SOURCE DATA Start Marker

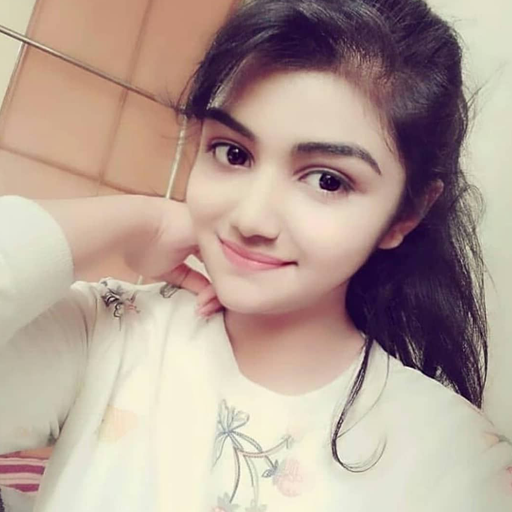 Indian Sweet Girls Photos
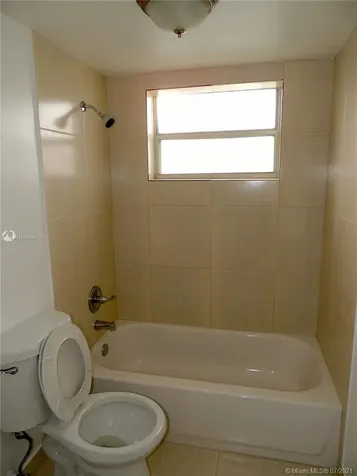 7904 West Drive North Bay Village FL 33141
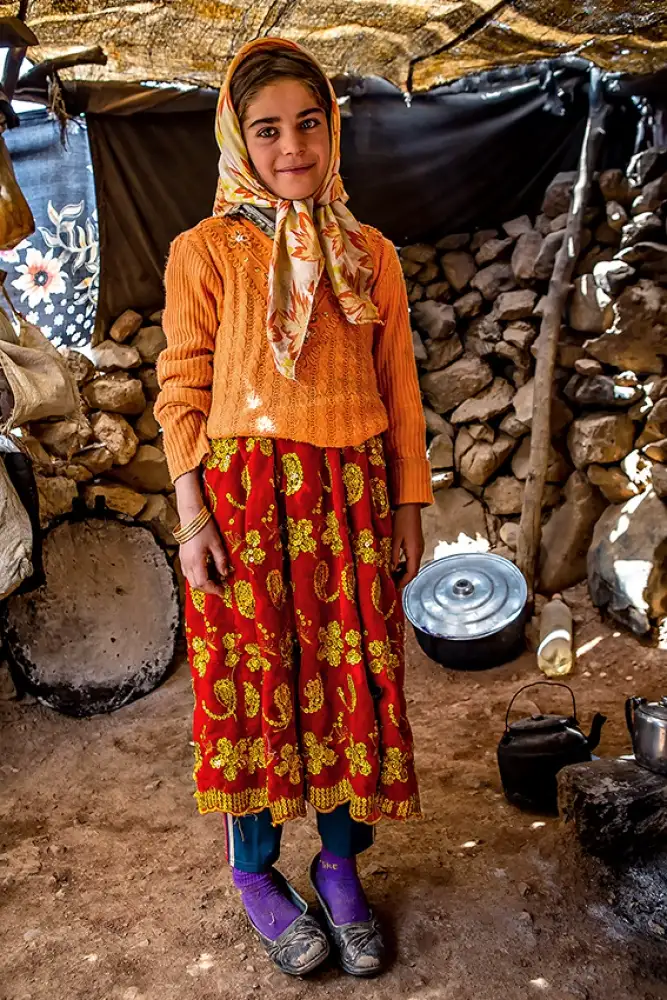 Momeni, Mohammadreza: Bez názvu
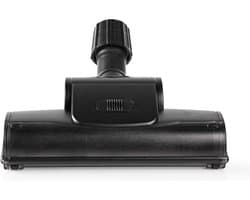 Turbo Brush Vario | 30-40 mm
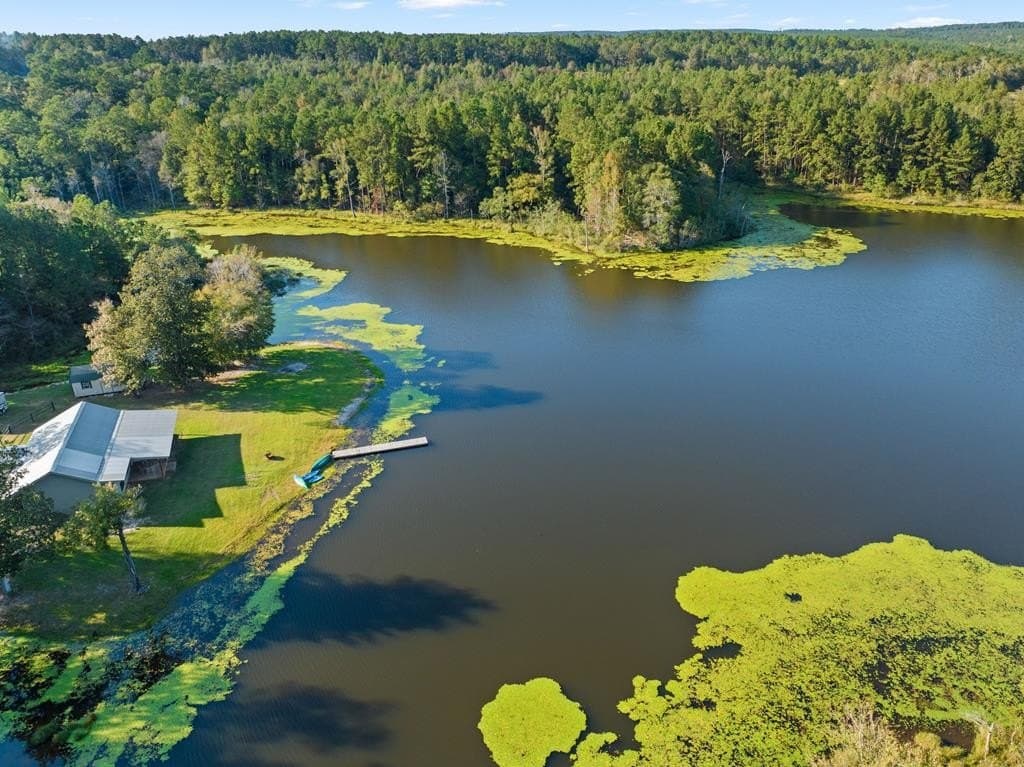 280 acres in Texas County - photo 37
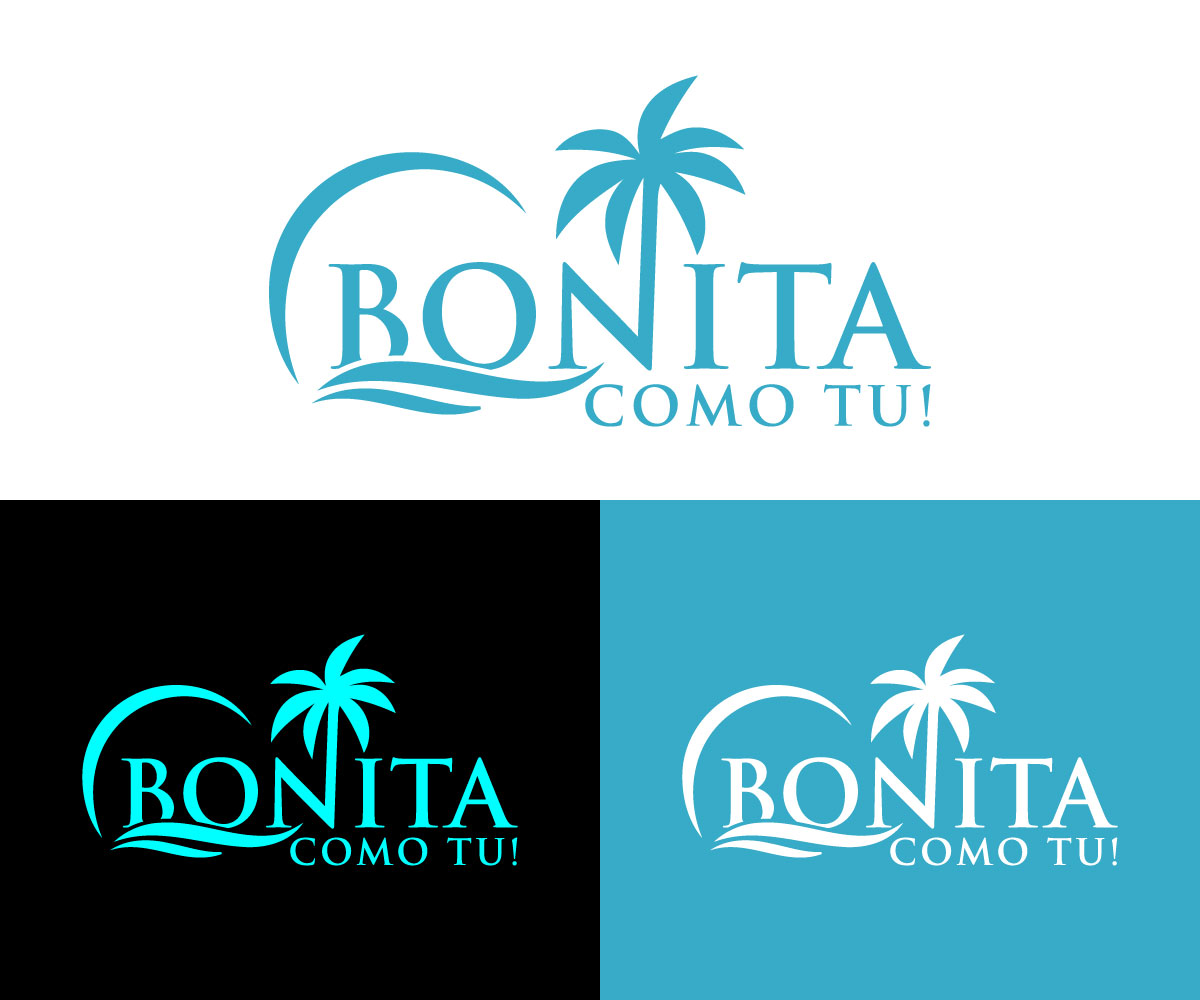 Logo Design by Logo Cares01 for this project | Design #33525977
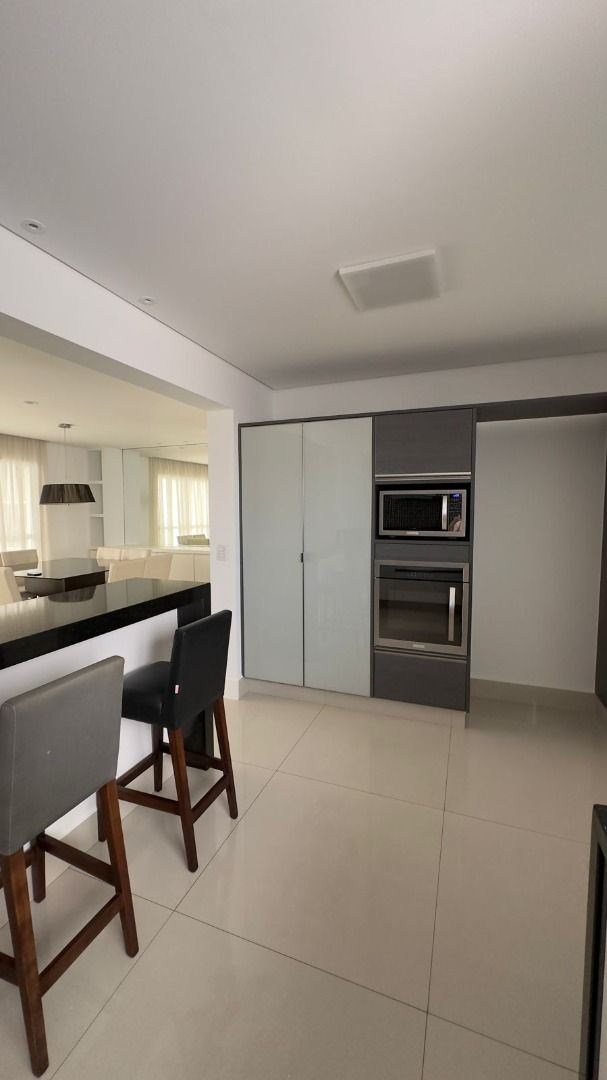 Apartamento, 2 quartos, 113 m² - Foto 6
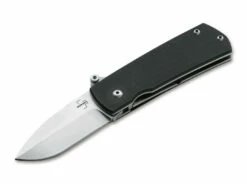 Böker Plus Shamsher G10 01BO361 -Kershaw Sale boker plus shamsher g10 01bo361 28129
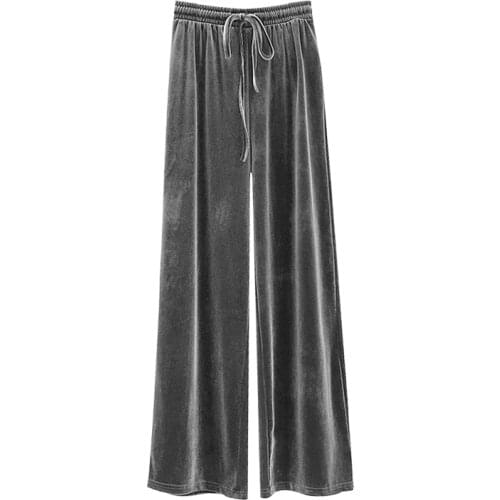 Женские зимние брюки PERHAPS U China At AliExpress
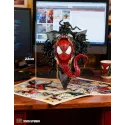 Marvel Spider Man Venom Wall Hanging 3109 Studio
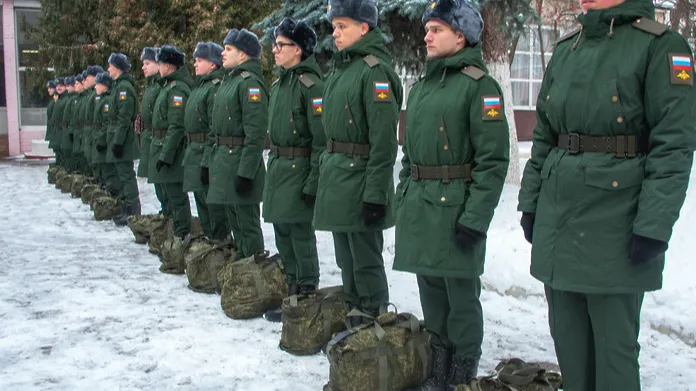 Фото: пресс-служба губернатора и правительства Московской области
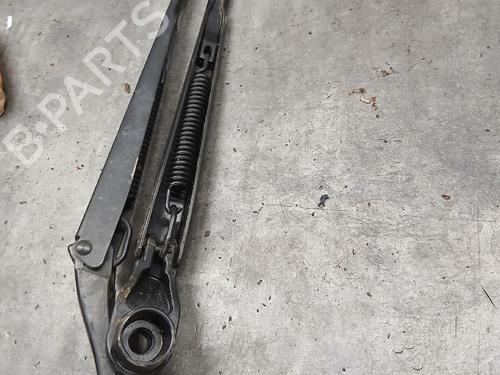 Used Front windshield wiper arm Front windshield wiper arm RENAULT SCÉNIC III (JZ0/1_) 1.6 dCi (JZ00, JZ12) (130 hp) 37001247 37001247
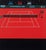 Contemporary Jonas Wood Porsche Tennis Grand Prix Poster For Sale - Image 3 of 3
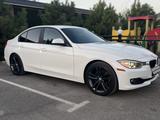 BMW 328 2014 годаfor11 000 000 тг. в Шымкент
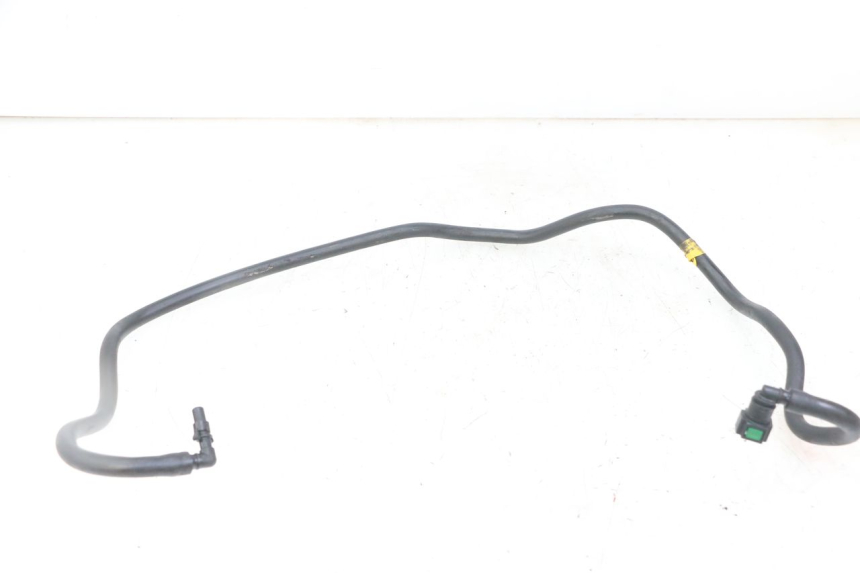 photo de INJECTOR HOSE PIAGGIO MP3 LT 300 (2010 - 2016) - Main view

SOURCE DATA End Marker

## ASSIGNMENT
Repeat exactly the lines from the one containing "BMW 328 2014 годаfor11 000 000 тг. в Шымкент" to the last line of the data above, both included, and write no pictures into the copy.

## YOUR SOLUTION
 BMW 328 2014 годаfor11 000 000 тг. в Шымкент
 photo de INJECTOR HOSE PIAGGIO MP3 LT 300 (2010 - 2016) - Main view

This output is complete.